Arts Wire: Time in a Carpet Bag
Karen Beech
Let’s suppose that the universe is a carpet bag. If you’re not already thinking Mary Poppins, it might help. Our carpet bag technically is a limited space but it possesses unlimited potential. Now let’s suppose that Mary has become an avid knitter and has, at some point, started work on a sweater. A rather frumpy sweater that doesn’t have any shape and whose neck hole is a little too small after the first time you washed it (in warm water because you didn’t know any better) and it doesn’t have any pockets. Not that any of these things matter. It’s just to give a sense of the general sweater-ness of the situation being created here.
We’re talking about the universe, in a carpet bag, in order to talk about time (which is our ultimate goal), since the two inevitably go together in our contemporary concept of reality. The pertinent point is that there is a decent amount of yarn in this bag, enough for several attempted knitting projects that never made it to the second line of the instructions because the project just seemed too daunting. The yarn is a crucial component of this discussion; the string is serving as our physical construction of time.
This is less unusual than it may first appear, for we, as a modern society (and indeed for quite some time), have defined time as linear, progressing one minute after another like little soldiers, marching one behind another towards the future, the moving line an arrow through space. Forward the minutes march, onward, onward, onward.
Our string is exactly that—directional, singular—and yet gives us something to hold on to.
The yarn meanders its way around the carpet bag, twisting over itself, looping back, knotting, tangling, and, on rare occasion, existing in untouched skeins. This string, filling the carpet bag of space, is our perception of time (or real time, depending on how you think of these things). The entire purpose of this trip down the Mary-Poppins’-handbag-hole (deeply related to the rabbit hole of Alice in Wonderland) is to have a sense of time overlapping. We are hypothetically folding time, something that we do relatively frequently. We can, in fact, draw our present moment towards a past moment and touch the points together; one point on the string of time crossing another somewhere in the carpet bag. In order to fold time, one must adhere to a linear progression of time—one must be able to pull two points on a line together, leaving a loop of unwanted (or rather unexperienced) time that hangs useless in between like a bit of unwanted string.
We can, in fact, draw our present moment towards a past moment and touch the points together.

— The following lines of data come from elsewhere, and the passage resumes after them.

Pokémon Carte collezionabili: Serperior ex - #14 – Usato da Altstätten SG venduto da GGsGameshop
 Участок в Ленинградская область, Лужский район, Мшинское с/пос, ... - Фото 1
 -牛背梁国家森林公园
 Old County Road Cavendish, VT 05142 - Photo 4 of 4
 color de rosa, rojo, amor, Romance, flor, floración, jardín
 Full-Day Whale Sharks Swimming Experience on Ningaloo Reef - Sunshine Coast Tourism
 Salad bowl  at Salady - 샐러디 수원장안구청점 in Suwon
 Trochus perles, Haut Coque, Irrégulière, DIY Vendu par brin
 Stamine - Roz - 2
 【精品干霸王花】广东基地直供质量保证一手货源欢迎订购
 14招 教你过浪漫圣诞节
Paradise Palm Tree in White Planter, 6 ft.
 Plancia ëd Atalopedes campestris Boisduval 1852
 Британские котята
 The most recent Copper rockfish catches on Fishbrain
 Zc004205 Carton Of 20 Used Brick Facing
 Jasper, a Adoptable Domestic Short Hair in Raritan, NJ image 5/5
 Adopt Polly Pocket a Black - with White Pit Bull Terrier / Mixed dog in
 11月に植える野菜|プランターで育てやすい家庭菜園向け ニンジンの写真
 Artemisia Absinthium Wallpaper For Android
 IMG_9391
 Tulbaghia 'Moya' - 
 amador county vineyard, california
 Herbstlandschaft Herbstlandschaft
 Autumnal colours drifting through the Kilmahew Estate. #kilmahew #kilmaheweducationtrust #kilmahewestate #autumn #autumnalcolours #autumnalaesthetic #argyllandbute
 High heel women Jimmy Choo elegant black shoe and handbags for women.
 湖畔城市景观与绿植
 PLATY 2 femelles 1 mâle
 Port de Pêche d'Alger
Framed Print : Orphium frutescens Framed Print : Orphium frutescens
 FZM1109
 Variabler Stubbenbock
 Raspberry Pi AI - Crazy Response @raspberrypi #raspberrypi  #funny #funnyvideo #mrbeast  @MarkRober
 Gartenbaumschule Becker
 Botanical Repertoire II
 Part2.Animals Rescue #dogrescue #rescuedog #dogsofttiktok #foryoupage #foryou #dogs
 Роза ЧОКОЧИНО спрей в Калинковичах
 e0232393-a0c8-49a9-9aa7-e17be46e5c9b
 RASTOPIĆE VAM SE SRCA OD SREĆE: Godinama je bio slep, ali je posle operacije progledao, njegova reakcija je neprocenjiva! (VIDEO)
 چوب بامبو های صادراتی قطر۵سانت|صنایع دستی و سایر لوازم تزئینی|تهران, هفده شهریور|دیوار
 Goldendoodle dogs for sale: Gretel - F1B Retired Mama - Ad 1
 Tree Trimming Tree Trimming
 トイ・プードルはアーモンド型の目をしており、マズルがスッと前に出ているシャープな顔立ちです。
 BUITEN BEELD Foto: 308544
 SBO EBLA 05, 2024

So let’s review our rather unconventional and impractical concept of time, one that has more in common with a toaster oven than a scientific theory. In summary, we have ourselves a carpet bag that represents the universe and a massive quantity of string that represents time. Now, because there are multiple knitting projects that have been riding around in the carpet bag for several skeins of yarn (sticking with the constructed metaphor here), the string has become a bit of a mess. A rather large, colorful, disorganized, tangled mess. For the most part this isn’t a problem (those knitting projects were not being worked on anyway) until we decide that we are going to work on making a sweater.
It is important to note that I am not the one who started knitting the sweater in question. I just happened to rummage around in the carpet bag and get my hand stuck in a project that was already well underway; Anne Focke, and many others, had already been knitting away. Anne & Friends had been knitting a string of time into an Arts Wire sweater long before I arrived. For the fun of it, let’s go ahead and say they were using red string (Anne loves red), and that the present moment is a white string, able to be dyed any color when we have a better sense of what in the world we’re doing.
Anne & Friends had been knitting a string of time into an Arts Wire sweater long before I arrived.
The Arts Wire sweater had continued to ride around in the carpet bag, becoming wrapped up and looped through other strings and other projects, until it found itself subjected to the present moment. Organic confusion and linear folding become one in this conception. Two strings have overlapped, two points in time have come together and, to my great pleasure, since I rather like the Arts Wire sweater, the red and white yarn have been tied together through the Arts Wire files.
What’s the point, you may ask? It’s this: two different points of time, one being our present lived experience (Miss White String), and one somewhere between 1989 and 1995 (Miss Red String, aka Arts Wire), have been stitched together in the interest of a useful object (a sweater, podcast, conversation, personal exploration…).
What is being done now can be understood perhaps as a continuation of the original sweater but is not necessarily in keeping with the original pattern; it is a variation, a shift in the fabric of the sweater itself. The change in temporal moments is clear, with red giving way to white, and yet there is a sense of continuity. A deliberate seeking out of the stitches and an adding on that is intended to highlight, draw-out, and utilize the work that has come before.
The Arts Wire of the past is being knit into the present moment.
Karen Beech received her undergraduate degree in Art History in June 2017 and was a speaker at the graduation celebration for the School of Art + Art History + Design. With Jessica Capó she worked with me for the entire 2016-2017 academic year. Among other things, she assumed the role of our “on-air” host for the AND_NOW? podcast series.